The Importance of Saying Encouraging Words to Your Children

Children are like sponges; they absorb their environment. If their environment is negative, they will be negative and vice versa. Children mimic what they see and especially what they hear. I read online, I cannot remember where right this moment, for parents to listen to their children when they play pretend, so parents can know how their children feel. Because children absorb so much, it is important to tell them encouraging words.

By telling your kids encouraging words, you will build up their confidence, and by building up their confidence, you will raise confident adults. You know the saying, “if you think you can, you’re right, and if you think you can’t, you’re also right?” The same applies to kids. As a parent, if you are telling your children that they cannot do something or consistently telling them negative words, they will never have the confidence to do anything and not think of themselves as worthy. And the consequence of the negative words is that it affects their self-esteem.

For example, I didn’t grow up hearing too many encouraging words. I heard that I could never do anything right, or I wasn’t using my head to think. As a result of hearing that, I got to the point that I didn’t think I was worthy. It was like, what’s the point of me trying to do anything if I can never do anything right? So, my self-esteem was nowhere to be found, and I needed validation from others consistently. I also copied and wanted to be like my peers to try and find worth in myself.

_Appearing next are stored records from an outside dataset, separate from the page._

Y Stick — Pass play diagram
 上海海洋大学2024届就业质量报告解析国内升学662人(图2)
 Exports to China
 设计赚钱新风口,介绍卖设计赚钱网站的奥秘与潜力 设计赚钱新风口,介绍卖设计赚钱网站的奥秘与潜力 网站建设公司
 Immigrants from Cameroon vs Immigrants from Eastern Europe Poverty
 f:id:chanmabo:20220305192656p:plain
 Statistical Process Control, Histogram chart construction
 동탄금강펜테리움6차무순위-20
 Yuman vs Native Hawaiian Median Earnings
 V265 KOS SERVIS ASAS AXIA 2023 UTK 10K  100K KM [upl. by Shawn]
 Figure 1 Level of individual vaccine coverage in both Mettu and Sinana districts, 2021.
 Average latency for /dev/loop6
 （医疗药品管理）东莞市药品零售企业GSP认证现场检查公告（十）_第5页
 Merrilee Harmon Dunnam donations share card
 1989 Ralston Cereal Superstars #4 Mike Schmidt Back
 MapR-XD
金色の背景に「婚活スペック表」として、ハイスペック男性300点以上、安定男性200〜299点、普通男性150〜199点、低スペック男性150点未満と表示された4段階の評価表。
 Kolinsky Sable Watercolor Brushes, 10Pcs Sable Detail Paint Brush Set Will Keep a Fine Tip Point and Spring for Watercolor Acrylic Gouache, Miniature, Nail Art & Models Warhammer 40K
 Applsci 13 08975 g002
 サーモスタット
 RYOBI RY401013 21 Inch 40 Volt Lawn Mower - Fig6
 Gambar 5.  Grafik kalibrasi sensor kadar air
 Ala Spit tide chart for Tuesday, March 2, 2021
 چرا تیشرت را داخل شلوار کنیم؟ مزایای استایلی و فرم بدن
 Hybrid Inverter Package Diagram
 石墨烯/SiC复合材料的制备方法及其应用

These emotions usually lead to people putting themselves into dangerous situations trying to fit in. Luckily for me, that wasn’t my case. I mean, I wasn’t the most innocent teenager, but I didn’t put myself in harm’s way. But because of the negative words I heard all the time growing up, I do the opposite with my daughter.

I try to always tell my daughter positive words. For example, I tell her she’s beautiful, smart, and can do anything. And I remind her that I love her. As a result, she will randomly tell me I’m beautiful and that she loves me. Why? Because she’s mimicking what I say to her. I want to build her confidence because it starts at home. I want to make sure she is confident in herself to do anything she sets her mind to. I also want her to be sure of herself so she doesn’t have to find validation in others.

We should say things like this to our children:

“You are smart”

“You can do anything”

“You are beautiful”

“I love you”

“You are strong”

“Be kind”

“It’s okay to make mistakes”

“If you couldn’t do it this time, try again”

“Don’t give up”

One of my favorite verses is Psalm 139:14 NIV, “I praise you because I am fearfully and wonderfully made; your works are wonderful, I know that full well.” This is a great verse to share with your kids as it serves as a reminder that God made them perfectly.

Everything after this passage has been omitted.